Estimates of the age-specific concordance statistic from the WHI data were 0.636 (95% CI = 0.554 to 0.718) for women aged 50–59 years and 0.592 (95% CI = 0.529 to 0.655) for women aged 60 years and older. Thus, the average age-specific concordance was 0.614 (95% CI = 0.587 to 0.640).
To compare rates of breast cancer incidence in APA women in the WHI with those expected in the SEER population, we computed the standardized incidence ratio for WHI from the SEER rates in Supplementary Table 1 (available online). Overall, we found a standardized incidence ratio of 1.18 (95% CI = 0.98 to 1.42) among women reporting a single ethnic identity and 1.17 (95% CI = 0.98 to 1.39) among women reporting one or more than one ethnic identities. This standardized incidence ratio range of 1.17–1.18 probably explains why an O/E ratio of 1.17 was found for the AABCS model, which was calibrated to these SEER rates.
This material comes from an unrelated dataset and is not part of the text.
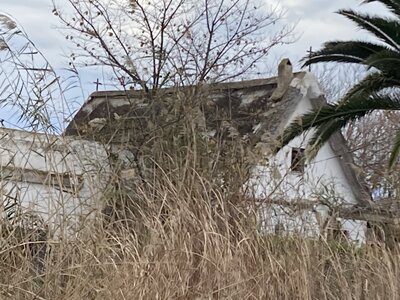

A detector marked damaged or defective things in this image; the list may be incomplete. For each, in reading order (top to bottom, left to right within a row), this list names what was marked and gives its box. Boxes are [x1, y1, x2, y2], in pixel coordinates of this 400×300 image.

broken window [290, 148, 306, 173]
In this study, we constructed the AABCS model to project individualized, absolute invasive breast cancer risk for APA women. We did this by combining relative and attributable risks from the Asian American Breast Cancer Study case–control data with SEER data on ethnicity- and age-specific breast cancer incidence rates and with data from the National Center of Health Statistics on the ethnicity- and age-specific rates of mortality from non-breast cancer causes. The data in Tables 1 and and22 and Supplementary Tables 37 (available online) can be used to estimate such risks over various time intervals for APA women with specified ethnicity, risk factors, and age at counseling. Approximate confidence intervals can be obtained from Figure 1. An SAS (13) program is available to estimate risks and provide 95% confidence intervals. This program can be downloaded from the web site for the Biostatistics Branch, Division of Cancer Epidemiology and Genetics, National Cancer Institute (http://dceg.cancer.gov/bb).
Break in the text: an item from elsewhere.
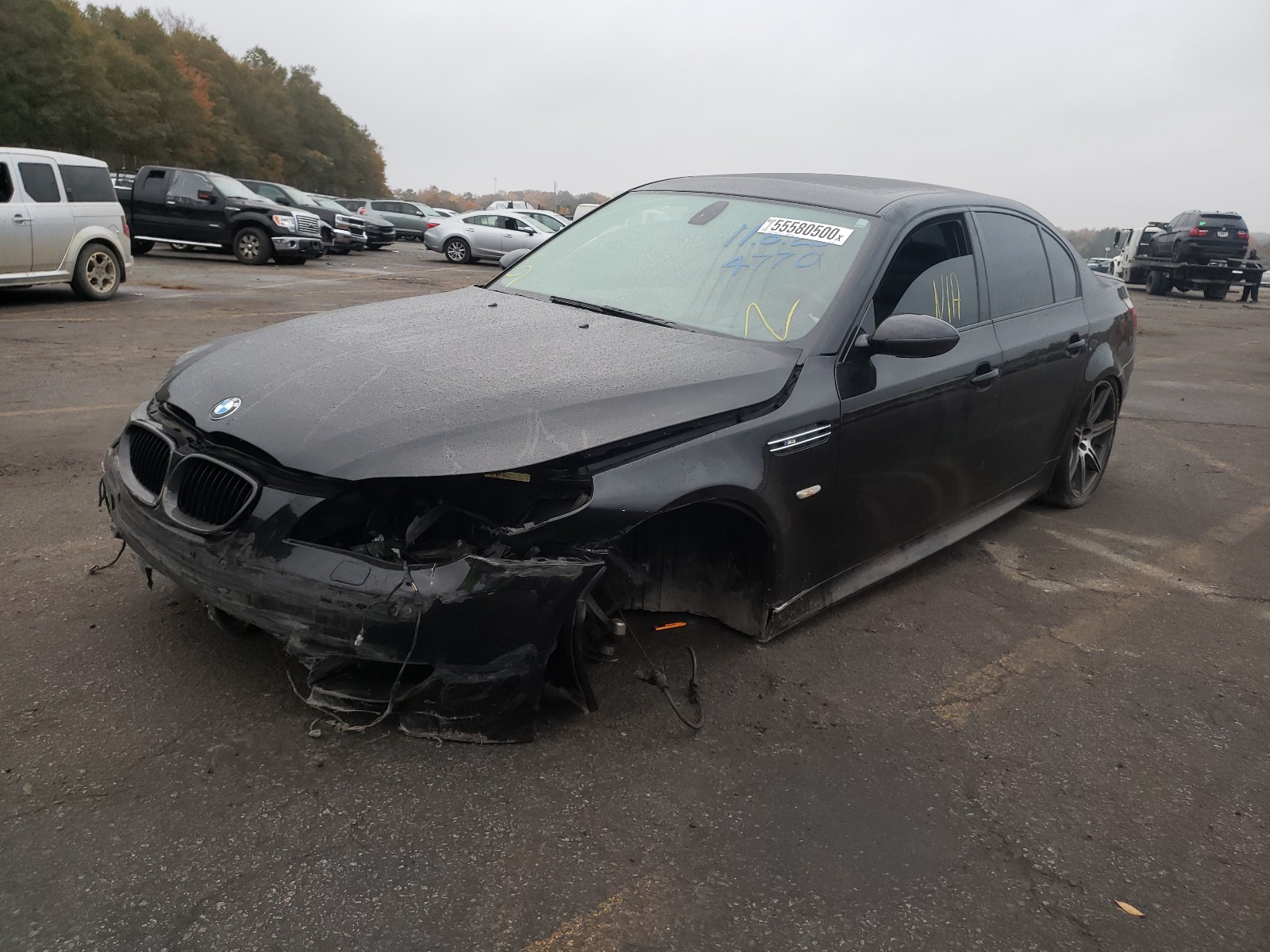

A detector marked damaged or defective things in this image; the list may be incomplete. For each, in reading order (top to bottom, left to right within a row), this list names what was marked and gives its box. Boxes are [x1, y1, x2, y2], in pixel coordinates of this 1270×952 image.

damaged front bumper [98, 419, 604, 746]
detached bumper piece [102, 403, 606, 746]
crumpled front end [102, 403, 606, 746]
cracked pavement [2, 254, 1270, 952]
In preliminary analyses, we used the same breast cancer risk factors and coding as in the original model of Gail et al. (3) to estimate relative and attributable risks for APA women in the Asian American Breast Cancer Study, but the final AABCS model was more parsimonious. In particular, interactions between age at first live birth and number of affected first-degree relatives and between age and number of biopsies were omitted, and number of affected first-degree relatives was dichotomized (0 vs 1 or >1). This model fits the Asian American Breast Cancer Study data well and yielded absolute risk estimates with smaller variance than models with the original coding.
Except for changes anticipated from recoding NUMREL, the relative risk estimates for the AABCS model resemble those from BCRAT (Table 1). This may explain why the average age-specific concordance statistic for the AABCS model, 0.614, was similar to that reported for the original Gail model, 0.596 (16).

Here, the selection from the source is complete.